___ Supplied records

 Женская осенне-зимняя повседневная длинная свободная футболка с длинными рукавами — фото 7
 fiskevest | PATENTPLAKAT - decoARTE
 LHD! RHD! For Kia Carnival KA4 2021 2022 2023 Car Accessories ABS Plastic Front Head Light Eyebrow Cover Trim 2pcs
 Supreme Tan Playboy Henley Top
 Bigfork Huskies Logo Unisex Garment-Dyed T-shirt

______

* _Exercise description_: Copy the entire listing above, line for line, exactly.

* _Finished task_:
 Женская осенне-зимняя повседневная длинная свободная футболка с длинными рукавами — фото 7
 fiskevest | PATENTPLAKAT - decoARTE
 LHD! RHD! For Kia Carnival KA4 2021 2022 2023 Car Accessories ABS Plastic Front Head Light Eyebrow Cover Trim 2pcs
 Supreme Tan Playboy Henley Top
 Bigfork Huskies Logo Unisex Garment-Dyed T-shirt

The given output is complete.